▶ **Your instructions**
Transcribe the entries below word for word, beginning at the line with "The female boss" and stopping after the line with "Arabic mother and"; drop all pictures.

▶ **Provided information**
***

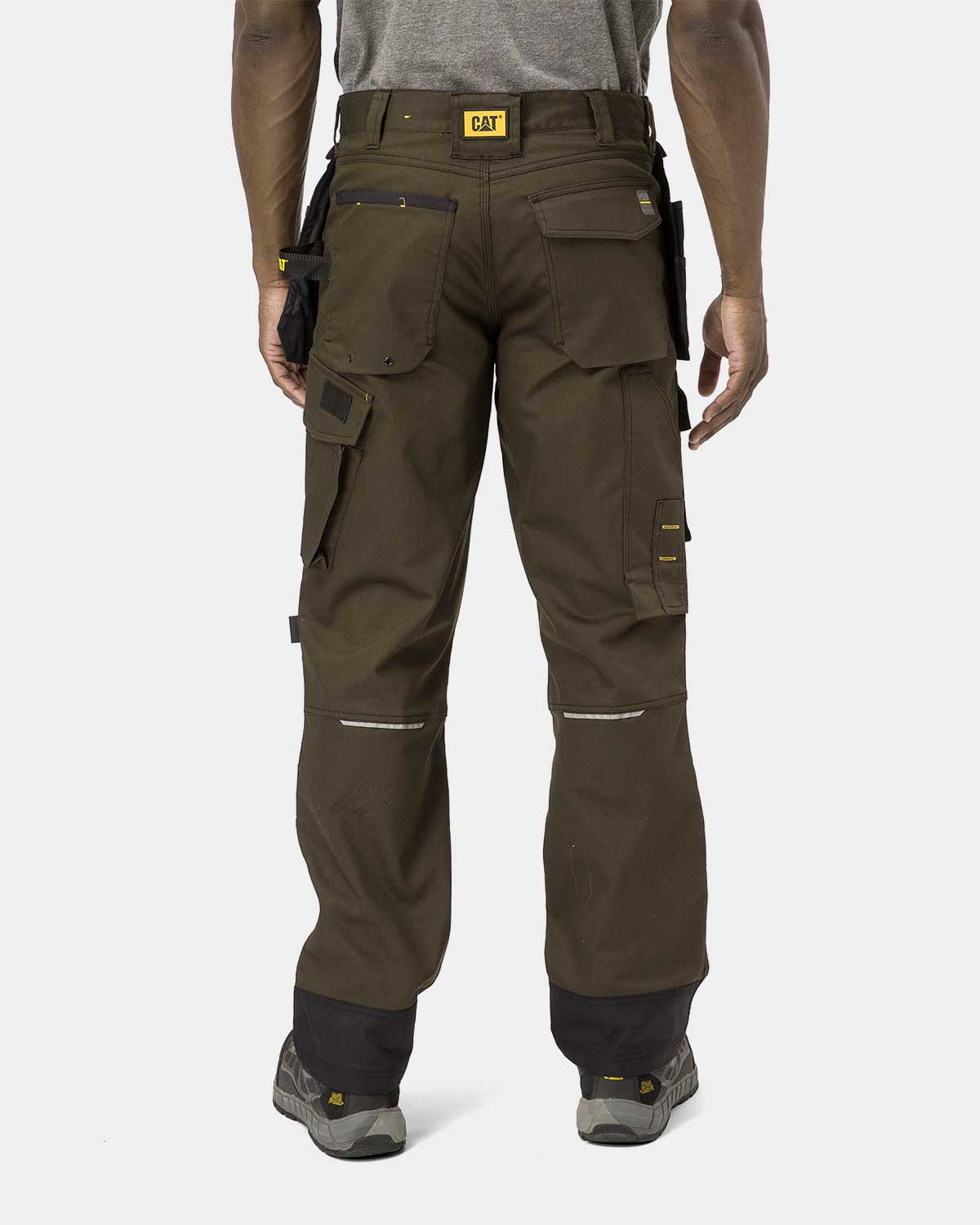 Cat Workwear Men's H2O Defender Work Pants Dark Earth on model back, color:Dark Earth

***

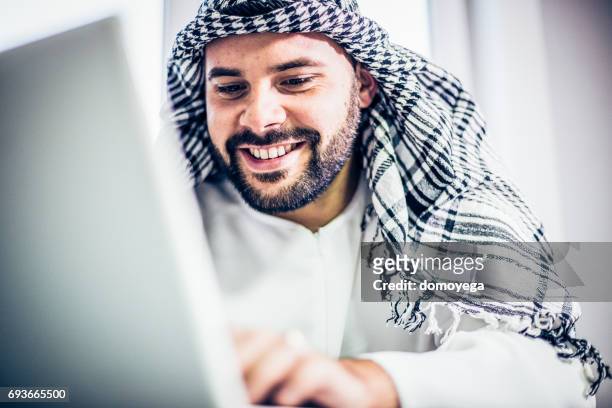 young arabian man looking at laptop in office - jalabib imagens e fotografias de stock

***

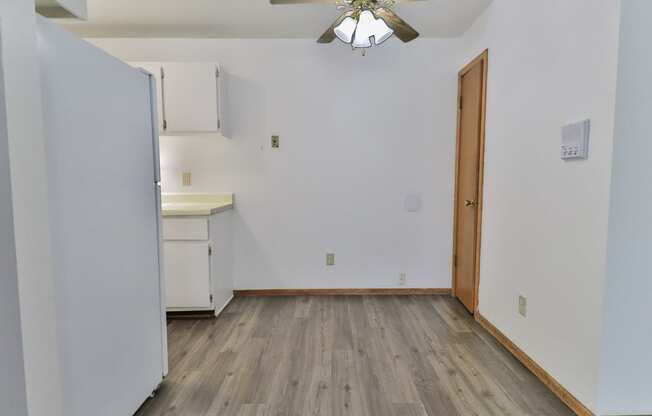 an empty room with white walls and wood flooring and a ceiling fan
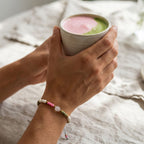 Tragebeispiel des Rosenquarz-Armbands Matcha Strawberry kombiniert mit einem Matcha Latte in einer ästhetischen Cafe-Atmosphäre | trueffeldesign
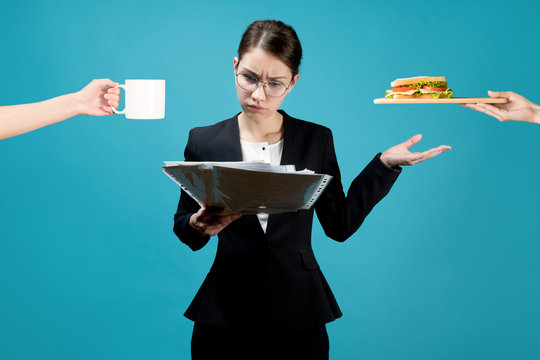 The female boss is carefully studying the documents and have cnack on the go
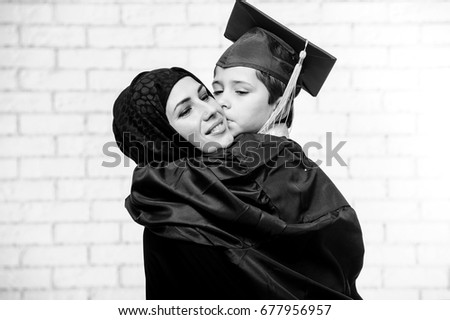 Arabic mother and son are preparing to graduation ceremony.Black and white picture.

***

▶ **Written solution**
 The female boss is carefully studying the documents and have cnack on the go
 Arabic mother and son are preparing to graduation ceremony.Black and white picture.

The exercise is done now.